Mit Transparenten zogen die "Querdenker" durch die Straßen
Mit Transparenten zogen die "Querdenker" durch die StraßenTimo Teggatz

Inzwischen ist das Thema groß geworden in Bergedorf. Deshalb kommt der Kirchengemeinderat am Neujahrstag zu einer Sondersitzung zusammen und beschließt, ein Zeichen setzen zu wollen: ein Gottesdienst unter freiem Himmel, am Montag um 17 Uhr. Genau zur gleichen Zeit starten die „Querdenker“ ihre Demonstration, direkt neben der Kirche.

„Hallelujah“ als Provokation

So kommt es am Montag zum Aufeinandertreffen.
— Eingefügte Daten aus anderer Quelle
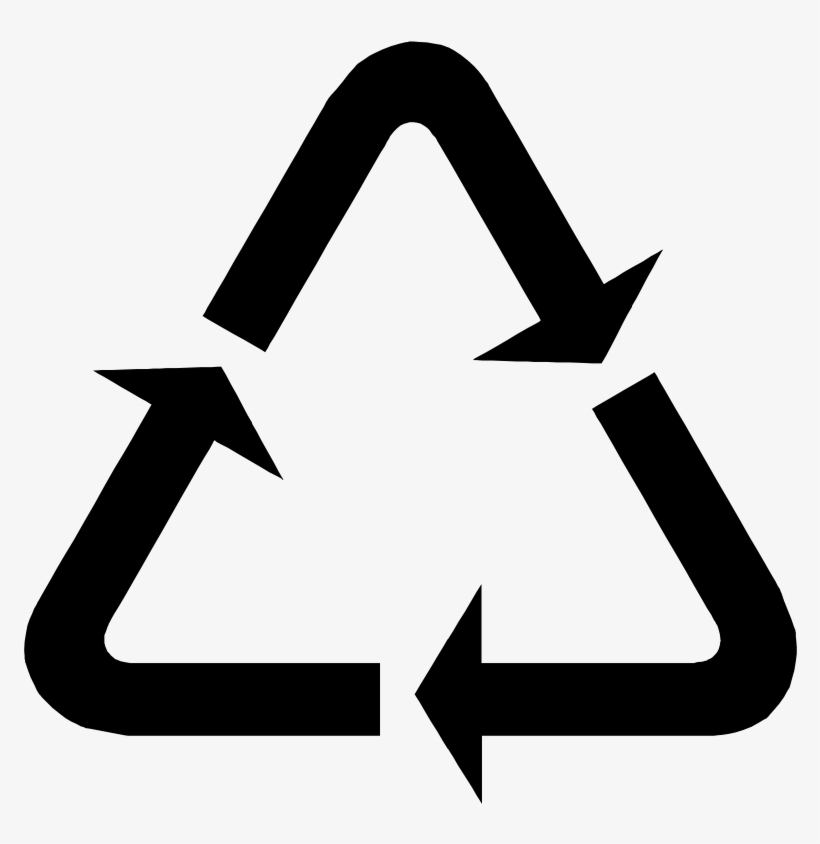 Recycling Symbol Clip Art, transparent png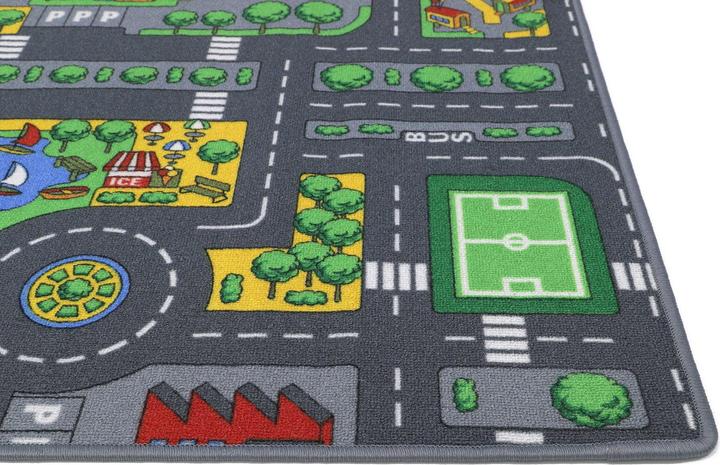 Image du produit Hevo City Mix (200 x 145 cm)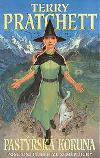Pastýřská koruna - poslední příběh ze Zeměplochy - Terry Pratchett
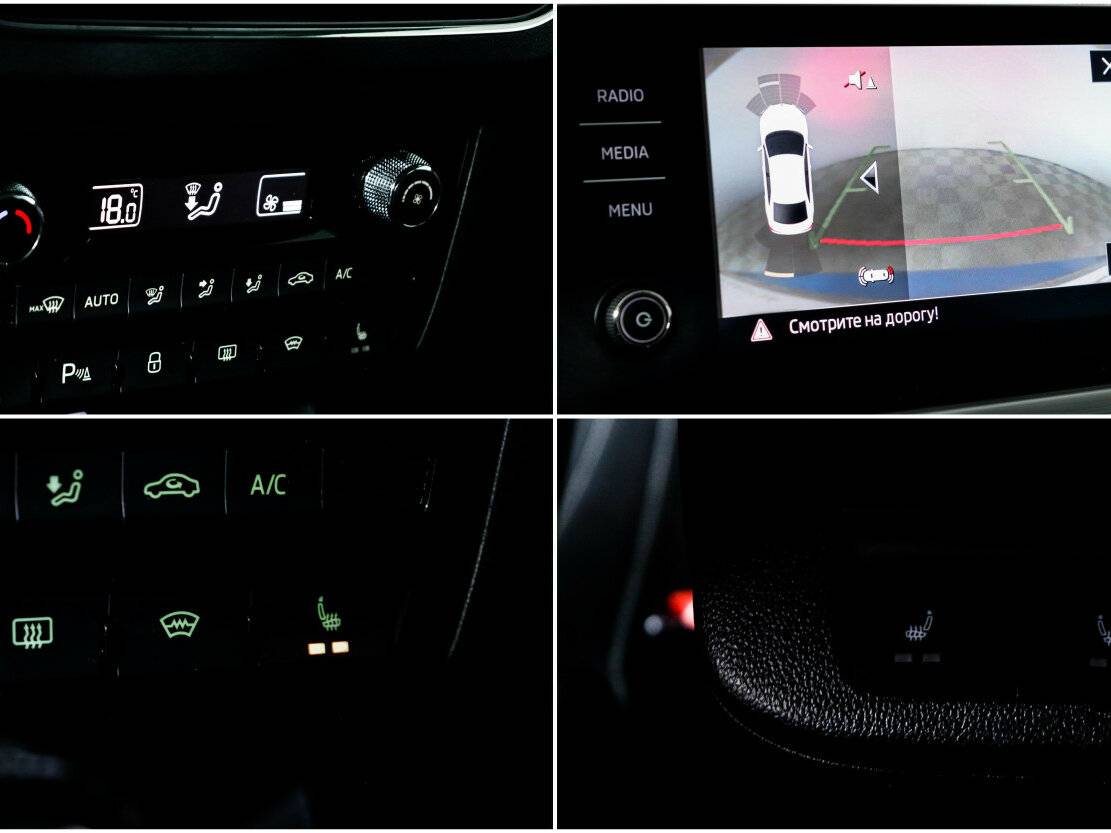 Skoda Rapid II, 2021 - Фото №13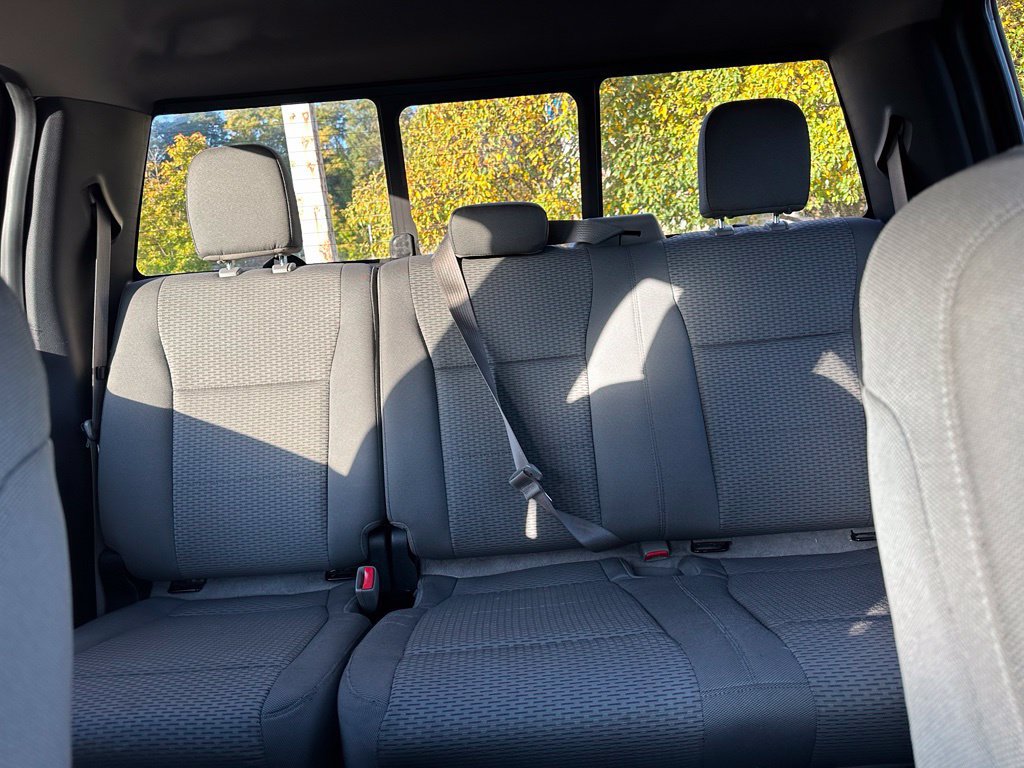 Used 2016 Ford F150 XLT w/ Equipment Group 302A Luxury AWD/4WD image 25
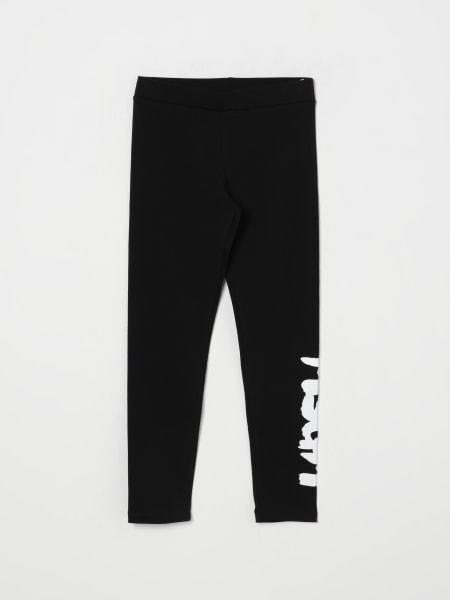 Pantalon enfant MSGM Kids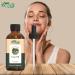 Organic Zing Emu (Dromaius Novaehollandiae) Oil | Pure & Natural Carrier Oil for Skincare Hair Care & Massage- 30ml/1.01fl oz - Buy Online on SooperMarket.com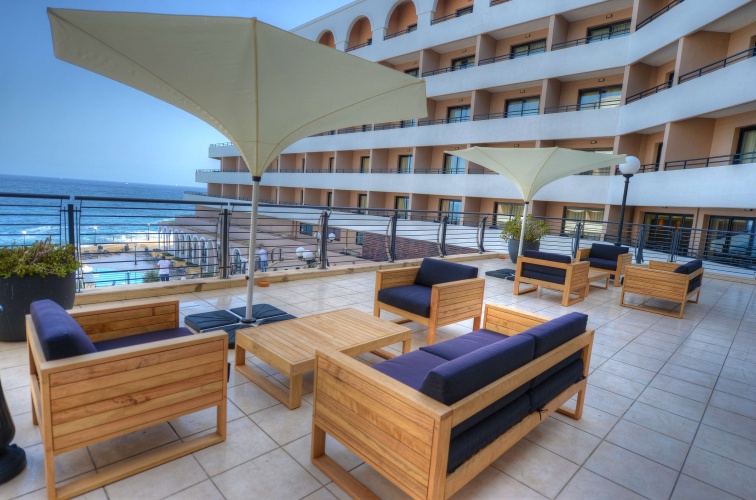 Radisson Blu Resort Saint Julians photo 32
Direkt vor der Kirche stehen die „Spaziergänger“, von 80 Teilnehmenden spricht die Polizei, wobei einige die Maskenpflicht ignorieren. „Hände weg von unseren Kindern“ und „Milliardäre profitieren“ steht auf ihren Transparenten. Bevor sich ihr Zug in Bewegung setzt, spielen sie laut Leonard Cohens Lied „Hallelujah“ – was als Provokation gedacht ist.

Doch die Gemeinde lässt sich nicht provozieren. Das Gottesdienst-Team wartet einfach ab, bis die „Querdenker“ um die Ecke verschwunden sind. Dann beginnt der Gottesdienst mit 300 bis 400 Besuchern, so schätzt die Polizei später. Der Platz ist voll, Baldenius hoch erfreut über den großen Zuspruch.

Kein wöchentlicher Gottesdienst

Baldenius und Pastorin Chang-Mi Dallat sprechen nur kurz zur Gemeinde. Der Gottesdienst wird zum großen Teil von Ehrenamtlichen der Gemeinde gestaltet, die das Hohelied der Liebe verlesen und auch die Fürbitten sprechen. Gedacht wird vieler Gruppen, denen die Pandemie zu schaffen macht – etwa Obdachlosen, Pflegekräften, Kranken, Hinterbliebenen und Polizeikräften. Die Gemeinde spricht das „Glaubensbekenntnis in schweren Zeiten“ von Dietrich Bonhoeffer, der Posaunenchor, unterstützt aus Nachbargemeinden, spielt „Von guten Mächten treu und still ergeben“.

Von viel Zustimmung und positivem Feedback zum Gottesdienst erzählt der Bergedorfer Pastor anschließend. Zu einer wöchentlichen Einrichtung solle der Gottesdienst unter freiem Himmel aber nicht werden. Das würde den „Querdenkern“ zu viel Aufmerksamkeit bringen, sagt Baldenius.